* **ASSIGNMENT**:
What lines below contain the string "Pants"? List them all.

* **SOURCE MATERIAL**:
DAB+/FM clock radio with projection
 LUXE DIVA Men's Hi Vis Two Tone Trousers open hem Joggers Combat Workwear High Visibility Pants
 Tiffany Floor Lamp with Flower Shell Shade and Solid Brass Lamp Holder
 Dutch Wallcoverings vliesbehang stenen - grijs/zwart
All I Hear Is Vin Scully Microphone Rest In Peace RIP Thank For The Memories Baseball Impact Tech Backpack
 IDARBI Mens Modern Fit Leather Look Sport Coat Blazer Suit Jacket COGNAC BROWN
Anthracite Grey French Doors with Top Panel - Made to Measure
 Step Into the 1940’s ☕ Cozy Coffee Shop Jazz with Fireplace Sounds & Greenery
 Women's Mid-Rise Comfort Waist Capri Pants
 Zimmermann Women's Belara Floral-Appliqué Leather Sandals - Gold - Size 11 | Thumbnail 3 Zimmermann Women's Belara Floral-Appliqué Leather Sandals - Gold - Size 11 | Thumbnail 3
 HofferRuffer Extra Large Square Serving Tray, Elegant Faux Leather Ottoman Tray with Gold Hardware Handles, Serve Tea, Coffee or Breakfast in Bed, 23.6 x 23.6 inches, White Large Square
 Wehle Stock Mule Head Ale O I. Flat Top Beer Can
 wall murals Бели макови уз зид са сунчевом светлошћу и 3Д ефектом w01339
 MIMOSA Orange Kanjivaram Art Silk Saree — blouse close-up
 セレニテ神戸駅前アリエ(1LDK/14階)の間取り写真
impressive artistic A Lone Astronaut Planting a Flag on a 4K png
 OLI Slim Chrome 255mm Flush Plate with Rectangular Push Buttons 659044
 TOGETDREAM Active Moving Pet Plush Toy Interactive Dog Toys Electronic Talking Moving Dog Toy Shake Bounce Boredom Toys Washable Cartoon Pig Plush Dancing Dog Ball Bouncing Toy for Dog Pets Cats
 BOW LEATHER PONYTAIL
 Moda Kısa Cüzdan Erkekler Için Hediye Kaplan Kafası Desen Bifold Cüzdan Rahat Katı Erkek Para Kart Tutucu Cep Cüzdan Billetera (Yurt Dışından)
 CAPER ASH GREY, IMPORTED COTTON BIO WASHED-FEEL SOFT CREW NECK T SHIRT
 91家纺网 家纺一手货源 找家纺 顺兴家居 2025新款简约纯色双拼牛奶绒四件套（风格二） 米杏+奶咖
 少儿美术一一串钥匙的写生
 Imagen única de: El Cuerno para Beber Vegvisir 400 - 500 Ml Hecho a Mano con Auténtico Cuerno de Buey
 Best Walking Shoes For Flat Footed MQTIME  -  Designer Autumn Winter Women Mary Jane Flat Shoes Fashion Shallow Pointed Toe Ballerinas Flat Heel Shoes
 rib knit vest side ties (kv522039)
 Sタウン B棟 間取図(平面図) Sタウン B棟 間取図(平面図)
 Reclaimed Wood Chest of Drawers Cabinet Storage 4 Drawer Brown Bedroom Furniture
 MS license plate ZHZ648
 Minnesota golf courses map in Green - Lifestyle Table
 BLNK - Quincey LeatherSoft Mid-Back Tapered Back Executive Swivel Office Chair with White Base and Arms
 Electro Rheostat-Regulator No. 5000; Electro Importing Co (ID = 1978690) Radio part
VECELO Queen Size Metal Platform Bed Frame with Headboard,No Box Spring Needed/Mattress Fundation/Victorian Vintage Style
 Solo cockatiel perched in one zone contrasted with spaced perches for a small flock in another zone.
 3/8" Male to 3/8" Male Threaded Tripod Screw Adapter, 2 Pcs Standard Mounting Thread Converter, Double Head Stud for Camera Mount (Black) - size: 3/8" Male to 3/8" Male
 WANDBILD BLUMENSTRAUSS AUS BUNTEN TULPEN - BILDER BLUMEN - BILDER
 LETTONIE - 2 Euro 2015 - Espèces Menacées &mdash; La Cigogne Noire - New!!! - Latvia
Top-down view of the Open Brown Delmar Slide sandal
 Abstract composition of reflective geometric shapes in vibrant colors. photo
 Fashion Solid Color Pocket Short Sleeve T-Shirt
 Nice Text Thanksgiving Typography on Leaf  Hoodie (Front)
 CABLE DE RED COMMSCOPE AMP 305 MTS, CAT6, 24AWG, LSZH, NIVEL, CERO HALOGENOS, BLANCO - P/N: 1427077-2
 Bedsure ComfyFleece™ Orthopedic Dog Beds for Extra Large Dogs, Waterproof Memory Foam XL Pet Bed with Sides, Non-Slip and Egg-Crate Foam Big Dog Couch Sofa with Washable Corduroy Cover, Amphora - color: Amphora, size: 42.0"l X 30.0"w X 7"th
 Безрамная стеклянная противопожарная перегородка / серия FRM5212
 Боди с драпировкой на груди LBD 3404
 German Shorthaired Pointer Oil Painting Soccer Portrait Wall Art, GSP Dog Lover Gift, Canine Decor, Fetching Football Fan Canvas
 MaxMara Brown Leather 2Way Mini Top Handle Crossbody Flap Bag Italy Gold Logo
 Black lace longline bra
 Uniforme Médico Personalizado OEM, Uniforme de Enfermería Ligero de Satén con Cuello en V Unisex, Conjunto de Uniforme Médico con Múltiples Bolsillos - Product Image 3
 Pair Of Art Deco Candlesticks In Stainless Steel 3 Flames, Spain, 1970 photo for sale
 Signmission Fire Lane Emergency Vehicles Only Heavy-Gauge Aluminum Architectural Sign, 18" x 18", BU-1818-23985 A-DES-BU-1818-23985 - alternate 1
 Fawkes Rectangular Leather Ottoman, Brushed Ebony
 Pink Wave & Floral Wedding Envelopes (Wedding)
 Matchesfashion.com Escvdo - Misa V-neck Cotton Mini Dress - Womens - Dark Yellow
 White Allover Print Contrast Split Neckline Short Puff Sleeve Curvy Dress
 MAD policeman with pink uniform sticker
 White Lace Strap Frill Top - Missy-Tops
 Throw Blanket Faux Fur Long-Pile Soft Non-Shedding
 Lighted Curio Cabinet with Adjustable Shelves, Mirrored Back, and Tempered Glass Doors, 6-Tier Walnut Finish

* **ANSWER**:
 LUXE DIVA Men's Hi Vis Two Tone Trousers open hem Joggers Combat Workwear High Visibility Pants
 Women's Mid-Rise Comfort Waist Capri Pants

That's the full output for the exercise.